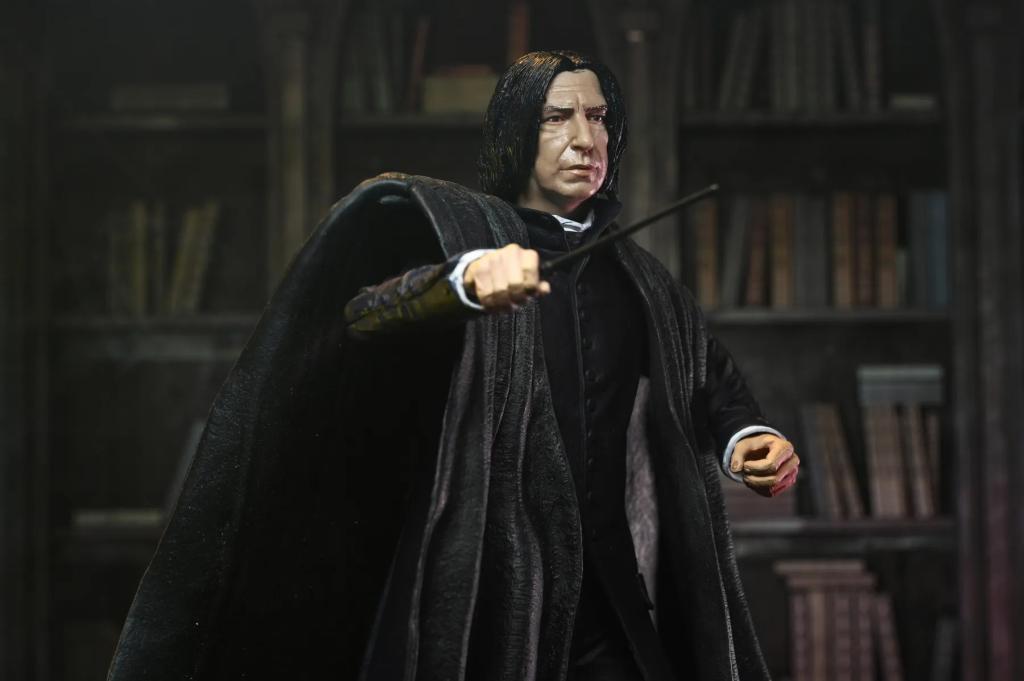 HARRY POTTER - Severus Snape - Figure Legacy Collection 17cm - 6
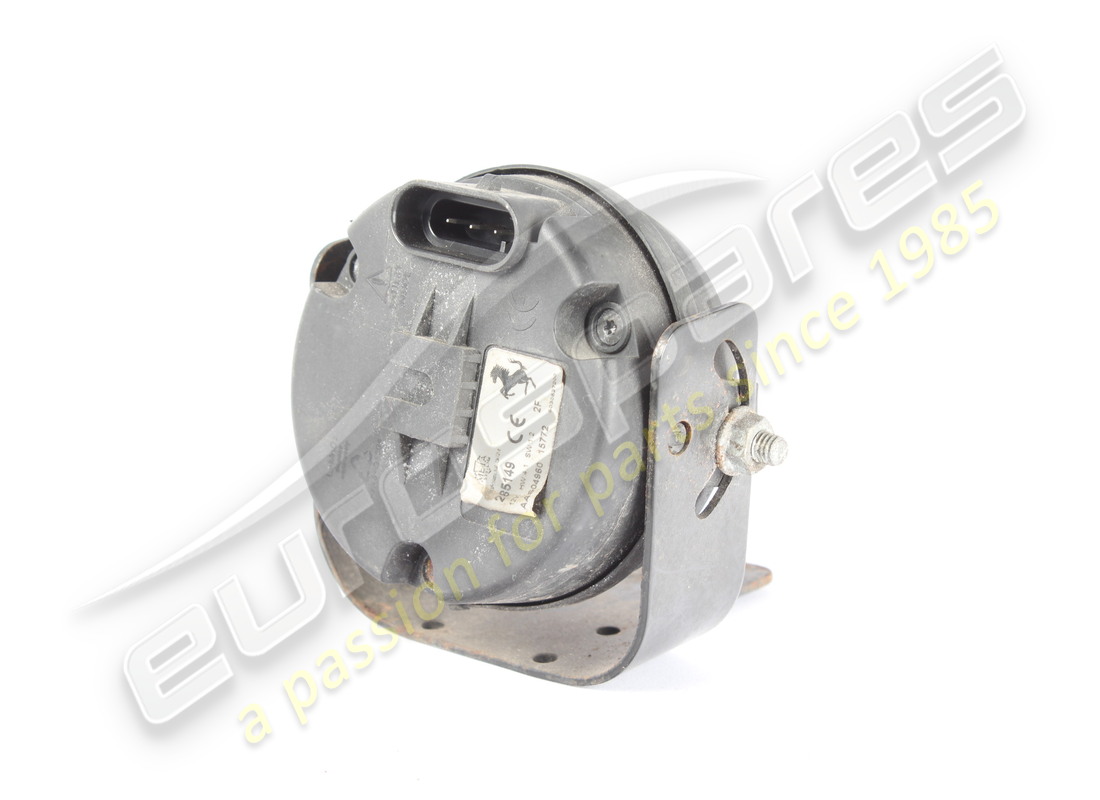 used ferrari complete control station siren. part number 294965 (1)
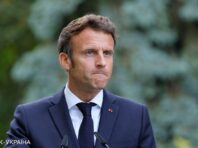 Макрон закликав дозволити Україні бити по Росії, але є нюанс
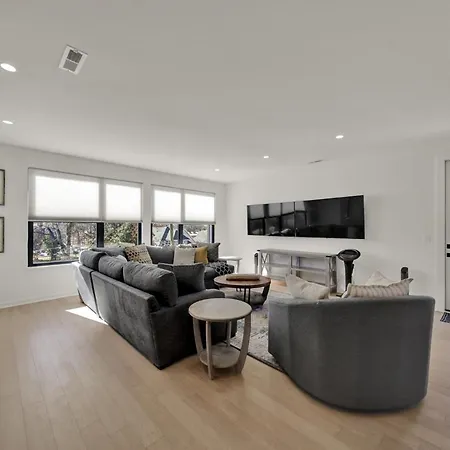 Holiday home Amazing Views Rooftop Patio, Gym And Game Charlotte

--------------------------------------------------

What is needed is an exact copy of the data, with the pictures removed.

**PROBLEM SOLUTION:**
 HARRY POTTER - Severus Snape - Figure Legacy Collection 17cm - 6
 used ferrari complete control station siren. part number 294965 (1)
 Макрон закликав дозволити Україні бити по Росії, але є нюанс
 Holiday home Amazing Views Rooftop Patio, Gym And Game Charlotte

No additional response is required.